The documentaries are a fascinating, rueful bunch. In BON-PAPA, A MAN UNDER GERMAN OCCUPATION[Bon-papa, un homme sous l’Occupation] (2007; ICA: November 9 at 1 pm), Leila Férault plumbs her own family history and uncovers a nest of Vichy-collaborationist secrets on her paternal, non-Jewish side of the family, in stubborn tribute to her maternal grandparents, who died in the Holocaust. It’s a thorny, tense, uneasy experience. Brett Rapkin & Erik Kesten’s HOLY LAND HARDBALL (2007; Coolidge Corner: November 11 at 7 pm + November 12 at 2 pm) is a record of the first professional-league baseball season in Israel; Andrew Jacobs’s FOUR SEASONS LODGE (2007; Coolidge Corner: November 10 at 6:15 pm) is a poignant portrait of a Jewish summer community in the Catskills (one of a few where once there’d been hundreds) peopled almost entirely by elderly camp survivors. Jacobs folds in aging snapshots and listens to the gray lions’ stories and ends up mourning not only the losses of the Nazi rampage but those of the post-war communal era, which is fading away into a second history as time presses on. Here’s a full-bore “Jewish” cinematic feast, evoking in these old-timers’ tales, inflections, and habits an entire century’s worth of disappearing ethnic reality.

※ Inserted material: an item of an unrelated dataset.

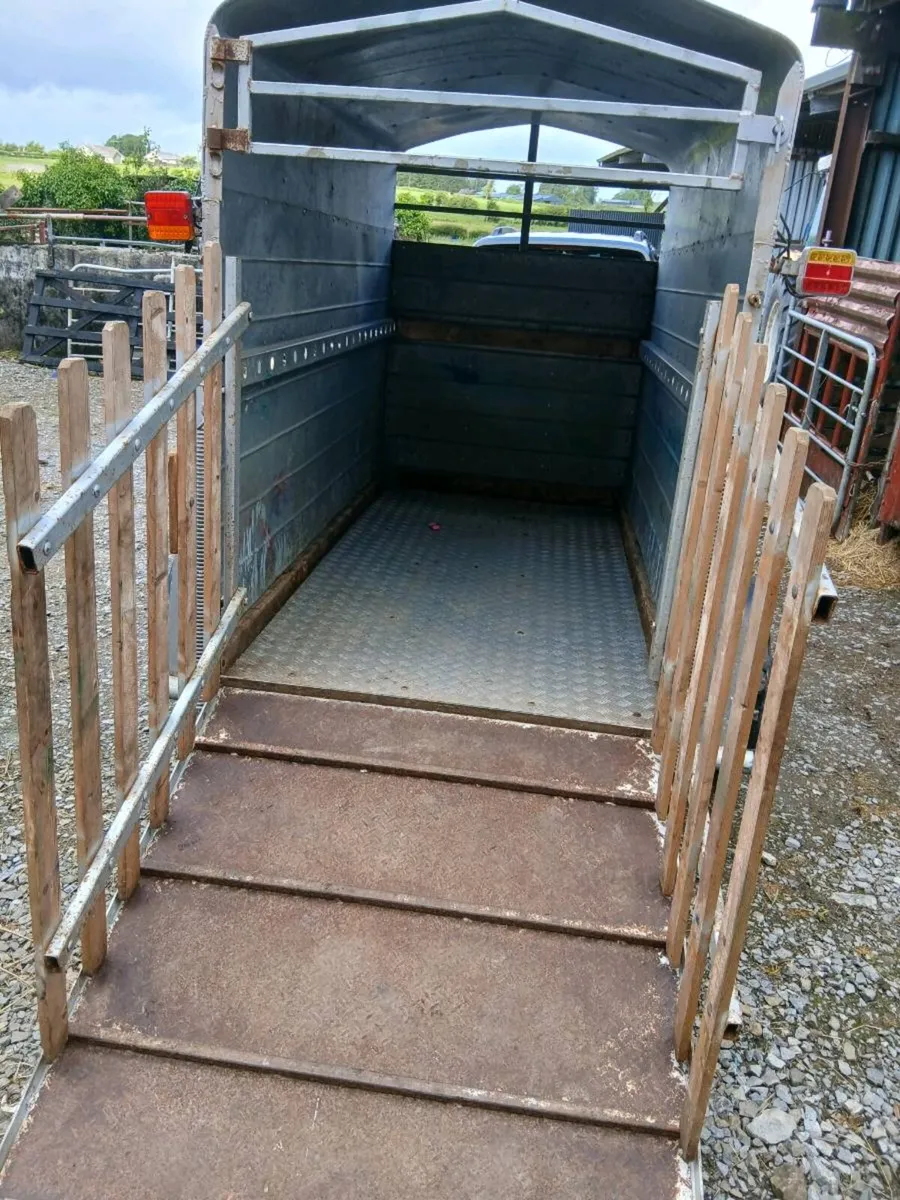Farm machinery 2trailerslclearance call 0868782672 - Image 4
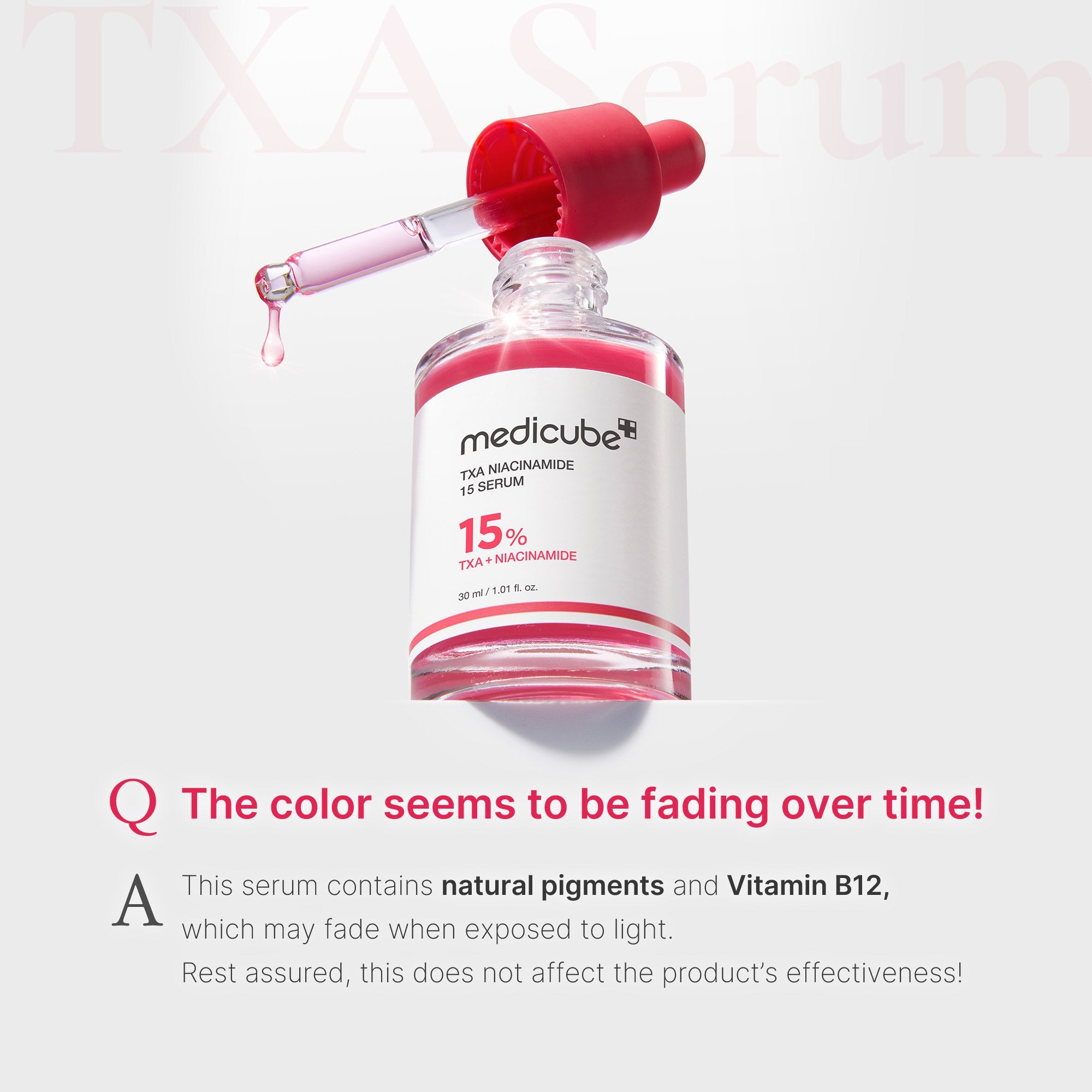TXA Niacinamide Serum H0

Israeli film may be enjoying a kind of international-distribution renaissance, but the fest’s most telling and pungent example of Israeli culture might be the sit-com ARAB LABOR (2007; MFA: November 8-9 in four installments), which is still pulling in high Israeli ratings. The first Israeli TV show to be even partly spoken in Arabic, it centers on the travails of an Israeli-Arab journalist for a Jewish newspaper, and through his efforts to do his job within the constraints Israeli Arabs routinely suffer, the entire contradictory dynamic facing both factions of that society is limned and mocked. It’s still a sit-com, but the nervy nature of its dialogues and implications makes it unlike anything we’ve seen on American TV since All in the Family.